Closed SUDA-HLT-ywfang closed 7 months ago
Hi, thanks for your interest! We are a bit different from Jacobi decoding. And the number in fugure 5 shows a relative posision (assuming the input is position 0).
Thank you for your reply! I'm still a little bit confused.
Hi,
In Figure 5, position 6 in red actually attends to position 5 in green (as the red arrow), instead of position 5 in red (as the green arrow). Why is that, considering that position 5 in red is the latest iteration result? So, you can get a more accurate trajectory by attention like this?
Hi @FrankCast1e , my idea is that the red 6 is generated by the sequence: some 3, orange 4, green 5. This makes a strong local relation if these 3,4,5 tokens can form an n-gram phase. In this turn, we can use orange 4, green 5, and red 6 to generate the next token to form another meaningful n-gram. If you use red 5 as the previous token of red 6, I think it does not make much sense as the red 6 has no relationship with red5, and it may not generate a meaningful n-gram. And, if you change the last token of red 6, which will be the last token of red 5? I think it should be carefully investigated and form another substitute solution.

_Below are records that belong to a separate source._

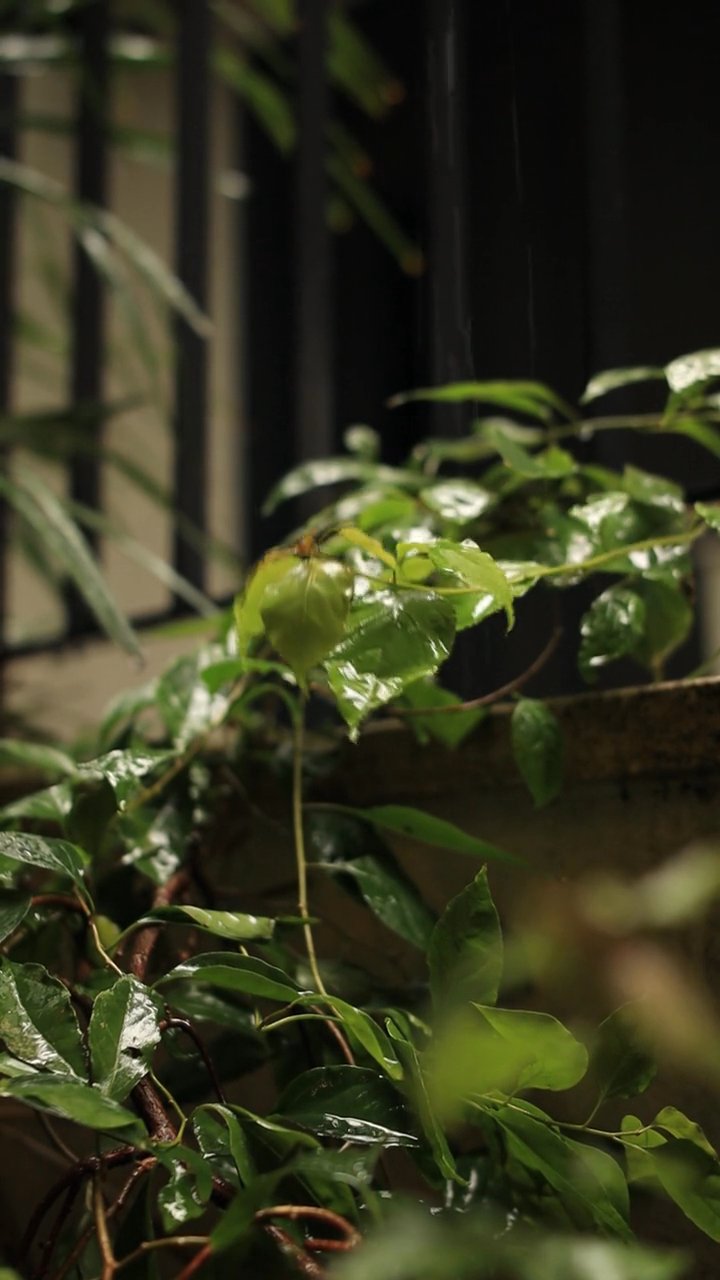 深呼吸しよう🌿
🎥 Orhan Pergel · Pexels
#癒し #リラックス #自然 #relax #healing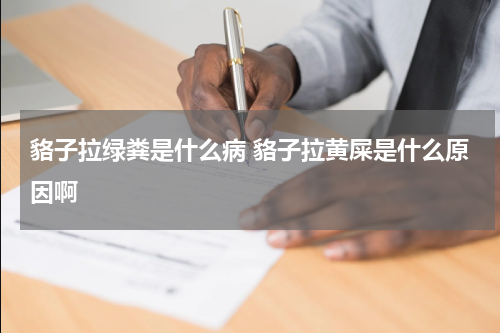 貉子拉绿粪是什么病 貉子拉黄屎是什么原因啊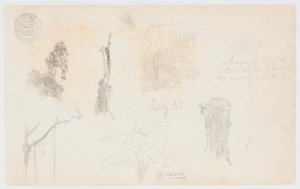 Botanische Schetsen uit Colombia: Bamboebomen, Stammen en Details door Frederic Edwin Church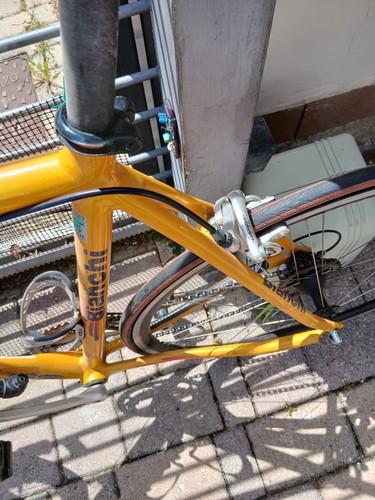Bianchi bicicletta - bicicletta, da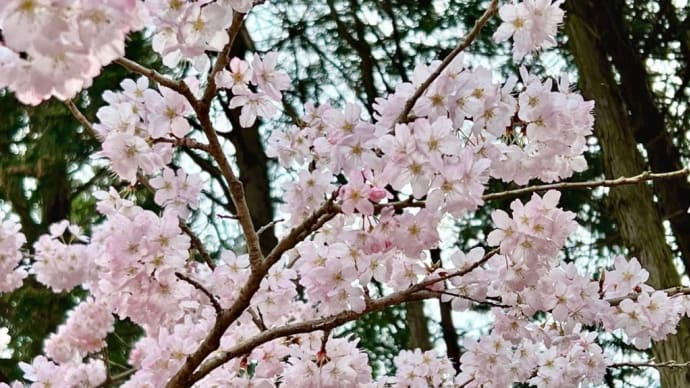 篠窪の春めき桜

Thank you very much for your explanation! I totally get the idea right now.
Hi! In Figure 5 of the blog, it seems like tokens of the current iteration attend to tokens from previous iterations. For example, the token at position 6 in red attends to token at position 5 in green. But in Jacobi decoding, is it supposed to attend to tokens from the current iteration? That is: the token at position 6 in red attends to token at position 5 in red.